#### DIRECTIONS:
Pictures are to be left out; otherwise, copy exactly the lines from the line containing "Toyota Vitz 2004 Ivory" through the end of the data.

#### DATA FOR THE TASK:
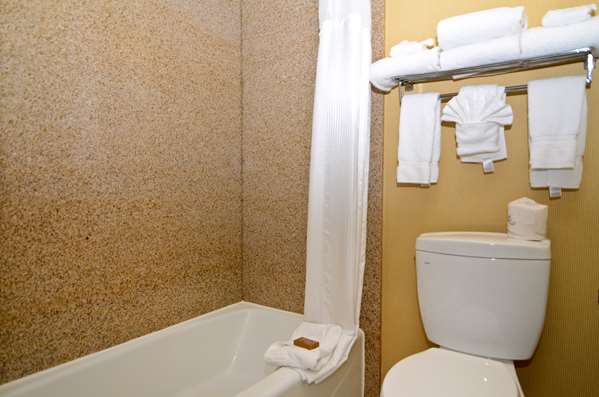  - Best Western Plus Newport Mesa Inn Costa Mesa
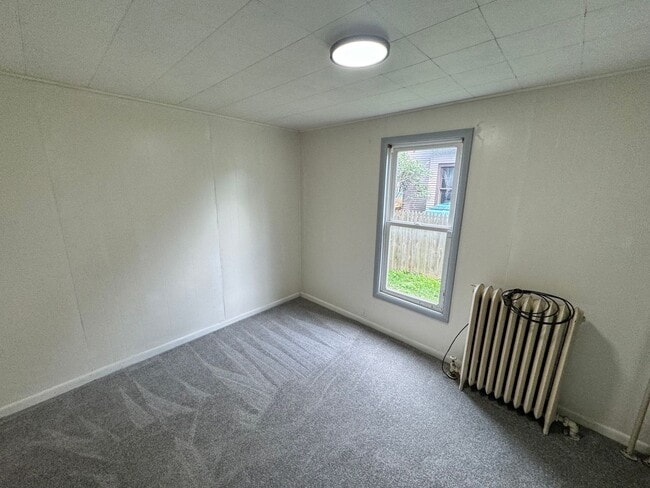 Building Photo - Available June 1st - 2 bed/1 bath Lower Duplex!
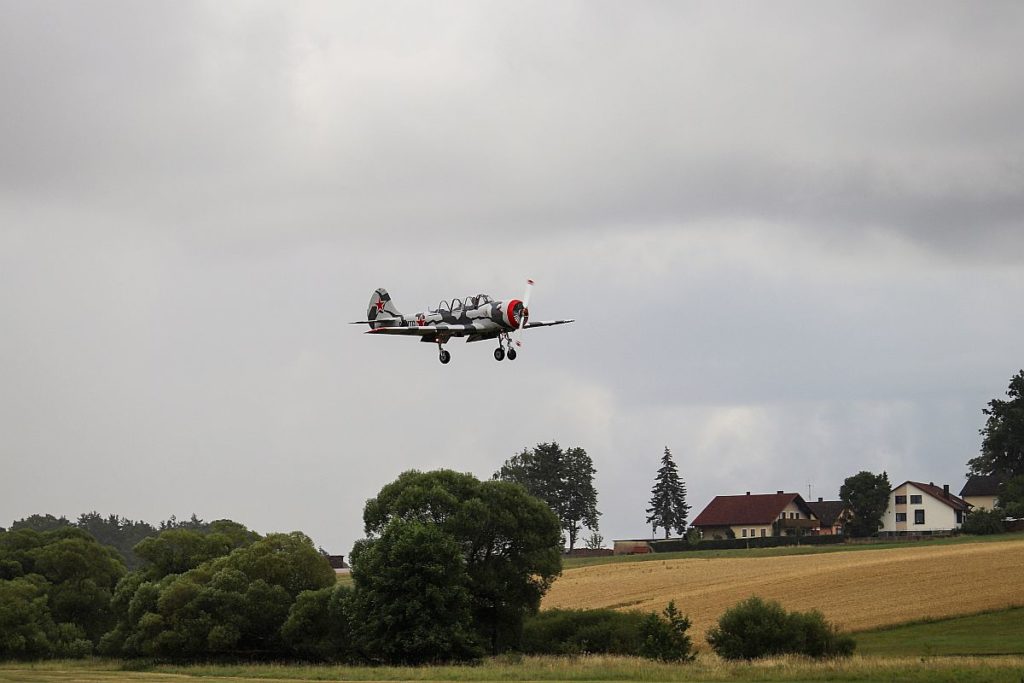 Die JAK-52 beim Überflug Foto: Pressedienst Wagner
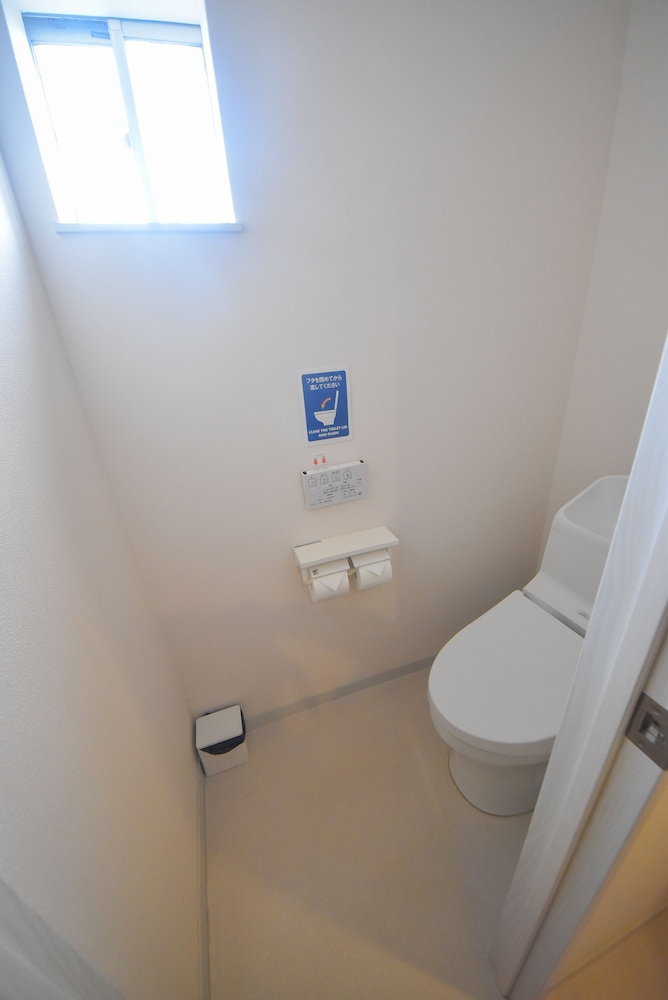 Basic Triple Room, Non Smoking, Mezzanine photo 2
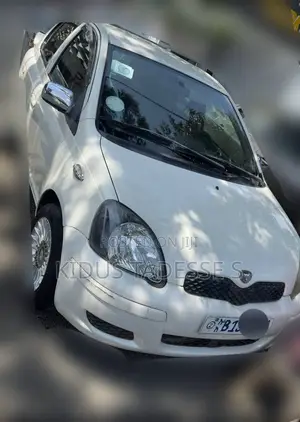 Toyota Vitz 2004 Ivory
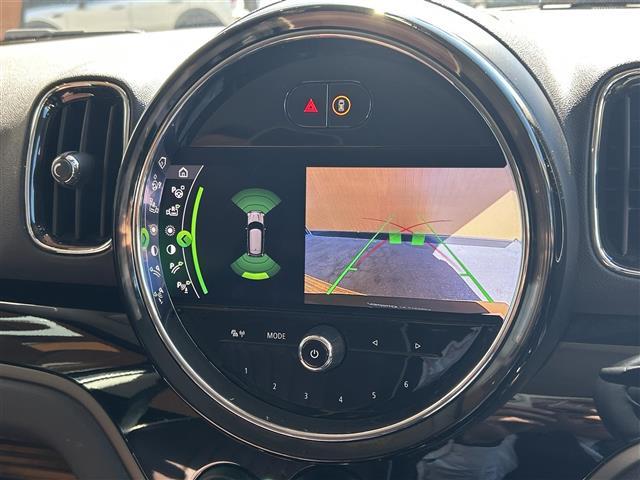 ＭＩＮＩ クーパーＤクロスオーバーオール４エッセンシャルトリム　純正ナビ　Ｂカメラ　ＡＣＣ　ドラレコ３６０°　インテリジェントセーフティ　４ＷＤ　ペッパーパッケージ　ミラー一体型ＥＴＣ　シートヒーター　シートカバー（茶色）　純正ＡＷ１７インチ　電動リアゲート（11枚目）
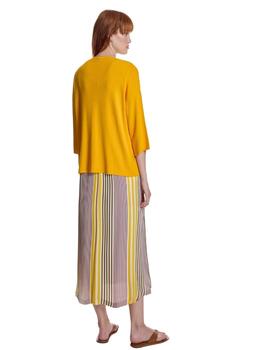 Alba Conde Chaqueta de punto amarilla
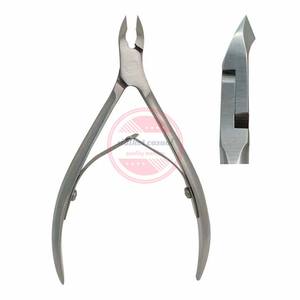 Outil professionnel de soin des ongles de pince à cuticules de pédicure de manucure d'acier inoxydable - Product Image 2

#### ANSWER TO THE PROBLEM:
 Toyota Vitz 2004 Ivory
 ＭＩＮＩ クーパーＤクロスオーバーオール４エッセンシャルトリム　純正ナビ　Ｂカメラ　ＡＣＣ　ドラレコ３６０°　インテリジェントセーフティ　４ＷＤ　ペッパーパッケージ　ミラー一体型ＥＴＣ　シートヒーター　シートカバー（茶色）　純正ＡＷ１７インチ　電動リアゲート（11枚目）
 Alba Conde Chaqueta de punto amarilla
 Outil professionnel de soin des ongles de pince à cuticules de pédicure de manucure d'acier inoxydable - Product Image 2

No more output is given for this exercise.